IA Crop tiene especial relevancia en la Región porque «las zonas vulnerables a nitratos (ZVN) ya ocupan la mayor parte de las áreas de cultivo, por lo que es muy importante realizar una monitorización de los usos del suelo de las zonas afectadas», apunta el experto.

«Por una parte, la administración recoge información importante y, por otra, esa información se utiliza para ayudar a los productores, para que puedan conocer cómo se desarrollan sus cultivos, lo que les permite ajustar sus planes de fertilización y de riego. Mediante la detección y sensores de nitrato, que miden el contenido de estos compuestos químicos de las aguas», añade.

Todos estos importantes avances que tienen lugar en el Imida han hecho que la agricultura de la Región se convierta en una de las más avanzadas en digitalización de Europa. En esta finca los científicos van de un edificio a otro ataviados con sus batas blancas y bandejas con líquidos irreconocibles para el común de los visitantes. Hay cultivos de cítricos, de frutas de hueso, de uva, incluyendo nuevas variedades que ya se están comercializando para alargar las temporadas y permitir a los agricultores una mayor competitividad en el mercado.

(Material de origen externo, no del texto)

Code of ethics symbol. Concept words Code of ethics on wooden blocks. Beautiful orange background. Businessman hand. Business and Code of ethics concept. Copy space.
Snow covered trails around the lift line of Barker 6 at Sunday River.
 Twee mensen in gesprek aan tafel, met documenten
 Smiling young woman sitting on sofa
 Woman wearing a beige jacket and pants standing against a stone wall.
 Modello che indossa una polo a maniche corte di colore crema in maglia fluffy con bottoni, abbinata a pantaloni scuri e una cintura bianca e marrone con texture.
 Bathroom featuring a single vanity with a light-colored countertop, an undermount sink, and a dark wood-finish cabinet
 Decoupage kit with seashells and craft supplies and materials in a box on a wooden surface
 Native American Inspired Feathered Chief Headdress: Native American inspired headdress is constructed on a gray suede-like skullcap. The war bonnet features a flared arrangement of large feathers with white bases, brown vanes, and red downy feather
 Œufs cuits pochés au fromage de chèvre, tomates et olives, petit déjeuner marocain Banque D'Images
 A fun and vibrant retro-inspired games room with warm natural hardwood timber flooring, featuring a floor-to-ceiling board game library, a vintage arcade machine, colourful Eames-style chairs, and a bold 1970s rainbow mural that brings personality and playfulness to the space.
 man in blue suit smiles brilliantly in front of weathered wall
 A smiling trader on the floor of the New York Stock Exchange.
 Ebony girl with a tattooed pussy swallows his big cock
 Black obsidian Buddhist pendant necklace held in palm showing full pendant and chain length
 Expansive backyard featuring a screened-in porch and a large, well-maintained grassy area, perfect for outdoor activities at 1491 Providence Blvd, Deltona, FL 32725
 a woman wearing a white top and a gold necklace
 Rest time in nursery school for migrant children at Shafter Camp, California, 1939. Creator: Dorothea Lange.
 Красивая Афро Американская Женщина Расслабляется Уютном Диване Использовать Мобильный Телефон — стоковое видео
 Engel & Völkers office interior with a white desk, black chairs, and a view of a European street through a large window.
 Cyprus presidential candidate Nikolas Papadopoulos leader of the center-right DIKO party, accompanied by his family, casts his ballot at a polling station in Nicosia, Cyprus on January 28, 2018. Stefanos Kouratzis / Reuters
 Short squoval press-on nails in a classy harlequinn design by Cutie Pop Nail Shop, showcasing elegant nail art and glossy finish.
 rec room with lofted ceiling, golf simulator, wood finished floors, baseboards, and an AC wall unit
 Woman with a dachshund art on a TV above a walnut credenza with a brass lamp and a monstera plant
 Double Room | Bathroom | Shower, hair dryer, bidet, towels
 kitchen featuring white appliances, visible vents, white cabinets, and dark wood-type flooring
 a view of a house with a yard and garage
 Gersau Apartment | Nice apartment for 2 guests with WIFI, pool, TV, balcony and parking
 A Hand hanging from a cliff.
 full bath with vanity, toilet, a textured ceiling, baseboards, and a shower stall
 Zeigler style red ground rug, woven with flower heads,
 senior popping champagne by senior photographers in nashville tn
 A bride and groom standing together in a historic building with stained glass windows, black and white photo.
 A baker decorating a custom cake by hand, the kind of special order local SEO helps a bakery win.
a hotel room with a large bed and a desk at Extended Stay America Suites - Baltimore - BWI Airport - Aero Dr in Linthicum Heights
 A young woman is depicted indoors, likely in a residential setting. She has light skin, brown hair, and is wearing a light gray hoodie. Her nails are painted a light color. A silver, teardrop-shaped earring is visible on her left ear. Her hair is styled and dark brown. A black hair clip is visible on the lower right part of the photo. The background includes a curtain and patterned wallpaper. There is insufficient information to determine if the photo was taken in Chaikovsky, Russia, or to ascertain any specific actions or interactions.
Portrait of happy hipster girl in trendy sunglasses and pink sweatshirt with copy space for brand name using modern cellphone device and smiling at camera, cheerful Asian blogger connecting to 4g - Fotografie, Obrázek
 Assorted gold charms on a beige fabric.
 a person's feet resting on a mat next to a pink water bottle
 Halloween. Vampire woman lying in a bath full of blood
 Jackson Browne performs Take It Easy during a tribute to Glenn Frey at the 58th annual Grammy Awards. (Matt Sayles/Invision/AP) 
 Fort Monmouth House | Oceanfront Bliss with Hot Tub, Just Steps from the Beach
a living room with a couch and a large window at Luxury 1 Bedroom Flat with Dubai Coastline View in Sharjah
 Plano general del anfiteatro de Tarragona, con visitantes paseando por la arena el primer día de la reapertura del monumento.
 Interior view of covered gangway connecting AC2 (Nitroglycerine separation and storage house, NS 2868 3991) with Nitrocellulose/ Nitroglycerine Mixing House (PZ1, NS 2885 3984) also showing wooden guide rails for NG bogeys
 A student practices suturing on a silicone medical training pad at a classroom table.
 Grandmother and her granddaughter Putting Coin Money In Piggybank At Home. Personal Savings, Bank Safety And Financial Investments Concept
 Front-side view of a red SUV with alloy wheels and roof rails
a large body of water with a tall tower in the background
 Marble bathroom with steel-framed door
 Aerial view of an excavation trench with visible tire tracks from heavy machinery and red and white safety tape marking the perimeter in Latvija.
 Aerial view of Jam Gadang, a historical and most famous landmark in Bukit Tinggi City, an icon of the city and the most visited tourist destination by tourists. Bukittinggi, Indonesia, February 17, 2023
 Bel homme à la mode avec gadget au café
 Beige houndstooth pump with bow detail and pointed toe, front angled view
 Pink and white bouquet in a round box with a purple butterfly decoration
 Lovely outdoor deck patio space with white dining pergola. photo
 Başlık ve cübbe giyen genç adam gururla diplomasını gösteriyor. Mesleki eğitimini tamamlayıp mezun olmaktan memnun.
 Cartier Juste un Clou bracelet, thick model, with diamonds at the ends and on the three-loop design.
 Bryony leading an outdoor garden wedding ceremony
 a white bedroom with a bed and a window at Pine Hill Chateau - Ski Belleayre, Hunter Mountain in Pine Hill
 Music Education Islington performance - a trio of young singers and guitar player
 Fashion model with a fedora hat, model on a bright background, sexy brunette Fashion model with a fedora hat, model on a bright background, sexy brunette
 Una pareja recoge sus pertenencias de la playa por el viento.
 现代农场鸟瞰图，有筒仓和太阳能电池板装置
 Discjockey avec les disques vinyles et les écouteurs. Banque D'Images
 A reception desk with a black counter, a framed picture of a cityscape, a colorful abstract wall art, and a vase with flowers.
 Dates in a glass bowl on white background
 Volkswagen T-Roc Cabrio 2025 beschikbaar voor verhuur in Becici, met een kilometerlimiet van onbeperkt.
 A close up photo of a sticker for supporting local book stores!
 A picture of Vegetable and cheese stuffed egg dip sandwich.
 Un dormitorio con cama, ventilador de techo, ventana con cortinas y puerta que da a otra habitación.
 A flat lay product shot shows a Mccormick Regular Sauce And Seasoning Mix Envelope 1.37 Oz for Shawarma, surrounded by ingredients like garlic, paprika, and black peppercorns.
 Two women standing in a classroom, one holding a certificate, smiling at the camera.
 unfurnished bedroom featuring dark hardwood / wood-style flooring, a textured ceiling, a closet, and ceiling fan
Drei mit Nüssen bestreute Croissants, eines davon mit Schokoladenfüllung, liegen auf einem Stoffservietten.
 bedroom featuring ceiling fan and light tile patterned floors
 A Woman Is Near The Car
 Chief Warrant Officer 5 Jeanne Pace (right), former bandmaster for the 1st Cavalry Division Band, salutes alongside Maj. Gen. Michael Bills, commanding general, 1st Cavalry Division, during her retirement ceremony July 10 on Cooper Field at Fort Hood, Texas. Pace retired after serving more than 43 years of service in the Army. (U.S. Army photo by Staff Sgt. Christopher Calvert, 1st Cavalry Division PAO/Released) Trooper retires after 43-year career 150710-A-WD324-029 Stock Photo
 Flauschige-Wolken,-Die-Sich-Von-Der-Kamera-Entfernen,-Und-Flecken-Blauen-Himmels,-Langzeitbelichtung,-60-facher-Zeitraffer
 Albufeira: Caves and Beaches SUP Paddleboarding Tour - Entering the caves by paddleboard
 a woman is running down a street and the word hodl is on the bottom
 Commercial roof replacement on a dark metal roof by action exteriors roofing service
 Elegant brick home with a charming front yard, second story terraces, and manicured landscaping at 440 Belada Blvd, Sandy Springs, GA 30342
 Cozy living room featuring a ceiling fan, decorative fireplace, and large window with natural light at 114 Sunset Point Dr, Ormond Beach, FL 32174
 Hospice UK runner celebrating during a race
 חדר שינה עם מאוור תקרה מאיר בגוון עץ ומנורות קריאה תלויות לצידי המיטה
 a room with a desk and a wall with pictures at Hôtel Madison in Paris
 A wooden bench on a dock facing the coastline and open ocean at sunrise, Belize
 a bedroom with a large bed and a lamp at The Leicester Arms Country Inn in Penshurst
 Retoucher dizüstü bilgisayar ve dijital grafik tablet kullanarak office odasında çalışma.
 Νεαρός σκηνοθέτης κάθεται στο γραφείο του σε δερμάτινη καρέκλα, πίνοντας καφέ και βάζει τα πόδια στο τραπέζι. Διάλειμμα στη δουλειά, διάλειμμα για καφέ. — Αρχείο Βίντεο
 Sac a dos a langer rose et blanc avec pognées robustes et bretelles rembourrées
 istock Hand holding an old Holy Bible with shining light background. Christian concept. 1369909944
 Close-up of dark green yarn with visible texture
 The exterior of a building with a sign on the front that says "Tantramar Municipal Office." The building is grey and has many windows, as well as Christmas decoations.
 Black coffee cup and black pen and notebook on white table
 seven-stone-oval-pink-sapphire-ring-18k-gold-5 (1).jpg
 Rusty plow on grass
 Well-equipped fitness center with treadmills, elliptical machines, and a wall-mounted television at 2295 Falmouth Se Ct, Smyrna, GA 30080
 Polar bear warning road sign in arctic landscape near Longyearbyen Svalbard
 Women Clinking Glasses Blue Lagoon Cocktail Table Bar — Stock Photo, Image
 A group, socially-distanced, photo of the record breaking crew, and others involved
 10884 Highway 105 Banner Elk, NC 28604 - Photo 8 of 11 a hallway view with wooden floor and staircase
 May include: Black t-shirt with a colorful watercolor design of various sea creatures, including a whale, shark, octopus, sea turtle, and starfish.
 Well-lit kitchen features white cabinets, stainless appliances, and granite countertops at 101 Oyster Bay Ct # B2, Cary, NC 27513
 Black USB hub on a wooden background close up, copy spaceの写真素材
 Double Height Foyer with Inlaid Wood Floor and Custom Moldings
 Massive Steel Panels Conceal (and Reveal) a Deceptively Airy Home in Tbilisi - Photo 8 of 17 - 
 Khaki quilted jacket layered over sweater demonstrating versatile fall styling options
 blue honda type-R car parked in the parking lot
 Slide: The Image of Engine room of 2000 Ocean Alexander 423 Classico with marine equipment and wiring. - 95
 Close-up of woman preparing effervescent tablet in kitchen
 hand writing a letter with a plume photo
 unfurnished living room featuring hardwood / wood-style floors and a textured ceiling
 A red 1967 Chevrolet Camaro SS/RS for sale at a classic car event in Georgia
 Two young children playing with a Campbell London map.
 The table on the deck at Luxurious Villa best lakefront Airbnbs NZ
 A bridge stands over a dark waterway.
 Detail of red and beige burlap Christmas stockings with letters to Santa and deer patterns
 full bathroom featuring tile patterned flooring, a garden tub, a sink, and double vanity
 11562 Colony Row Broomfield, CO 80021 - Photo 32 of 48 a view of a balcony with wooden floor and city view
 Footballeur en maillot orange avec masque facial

También hay un banco de semillas, que custodian con tanto esmero como a las moreras que llevan allí desde el principio. No faltan los invernaderos, digitalizados, por supuesto, y con toda la sensórica de la que disponen trabajando a toda máquina, como es el caso de un dispositivo tan curioso como importante, del que se da una pista al principio de este reportaje, tal y como explica Juan Antonio Morales, especialista en internet de las cosas e integración de sensóricas, también del grupo Sygit.

«Este sensor, en concreto, simula la humedad de las hojas. El contenido de la humedad de la hoja es importante porque, cuando la temperatura pasa de 20 grados y hay más de 10 horas con humedad en la hoja, hay hongos que atacan. Para saber si el agricultor tiene que actuar. Si no pasa de 10 horas, por ejemplo, el agricultor no tiene que tratar porque el hongo no se ha desarrollado, aunque las esporas estén en el aire», explica el doctor investigador.

Como no podía ser de otra forma, el Mar Menor está muy presente en los estudios que se realizan en el Imida. Hay uno en concreto, precisan los investigadores, que están llevando a cabo dentro de un plan nacional de ciencias marinas, y que se centra en la monitorización de la laguna salada. Utilizando boyas equipadas con sensores específicos. Este proyecto mide parámetros como el oxígeno y utiliza inteligencia artificial para hacer predicciones.

«Utilizamos ensayos neuronales para predecir el contenido de oxígeno y prevenir problemas futuros», precisó Manuel Erena. Este modelo ya está desarrollado y publicado, y se planea aplicar una tecnología similar en otros lugares.

Por si estos avances no fueran suficientes, los expertos han desarrollado una plataforma de integración de datos que permite optimizar el uso y frecuencia de riego, determinar la cantidad de nutrientes que necesitan las plantas y anticiparse a riesgos climatológicos. Y es que la escasez de agua y las altas temperaturas obligan a la Región a estar a la vanguardia de los avances que permitan sacar el máximo partido a los escasos recursos de los que dispone.

Los mencionados proyectos están cofinanciados por la Unión Europea y la Comunidad Autónoma.

Uvas Monastrell: variedades resistentes a la falta de agua

Para encontrar las variedades más resistentes, las que mejor se adaptan a las condiciones de escasez de agua y temperaturas elevadas, el Imida está poniendo en práctica todos los avances descubiertos para crear nuevas variedades de uva Monastrell para comercializar. El proyecto se enmarca dentro de uno de ámbito nacional titulado Mejora y selección de nuevas variedades de uva de vinificación resistentes a la sequía como medida de adaptación de la viticultura al cambio climático (BDRvine). En esta plantación, para desarrollar las variedades más resistentes, se está aplicando un riego deficitario controlado, por un lado, y un cultivo en secano, por otro. El objetivo es seleccionar las variedades que tengan un mejor comportamiento en condiciones de secano. De esta forma, se puede comprobar qué parámetros agronómicos y de calidad se ven afectados.